- Hathifushi Location within Maldives
- Coordinates: 7°1′12″N 72°49′49″E﻿ / ﻿7.02000°N 72.83028°E
- Country: Maldives
- Administrative atoll: Haa Alif Atoll
- Distance to Malé: 322.37 km (200.31 mi)

Dimensions
- • Length: 0.270 km (0.168 mi)
- • Width: 0.170 km (0.106 mi)

Population
- • Total: 260
- Time zone: UTC+05:00 (MST)

= Hathifushi (Haa Alif Atoll) =

Hathifushi (Dhivehi: ހަތިފުށި) was one of the inhabited islands of Haa Alif Atoll and is geographically part of the Ihavandhippolhu Atoll in the Maldives. It was abandoned in 2007 by its resident community of 295 residents following storm surges. This community had been requesting relocation for decades prior.

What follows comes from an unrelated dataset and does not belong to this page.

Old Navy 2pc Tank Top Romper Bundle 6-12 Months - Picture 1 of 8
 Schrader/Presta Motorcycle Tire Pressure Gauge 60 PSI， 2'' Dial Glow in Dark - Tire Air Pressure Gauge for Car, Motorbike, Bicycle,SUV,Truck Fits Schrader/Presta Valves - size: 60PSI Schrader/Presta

Hathifushi people now live in the island of Hanimaadhoo in Haa Dhaalu atoll. Before the relocation, Hathifushi was one of the non-smoking islands of the Maldives with the island chief levying a fine of Rf5,000 (approx. US$400) on any person if proven to commit an act of smoking. The other non-smoking islands of Maldives are Berinmadhoo, Nolhivaranfaru, and Madifushi.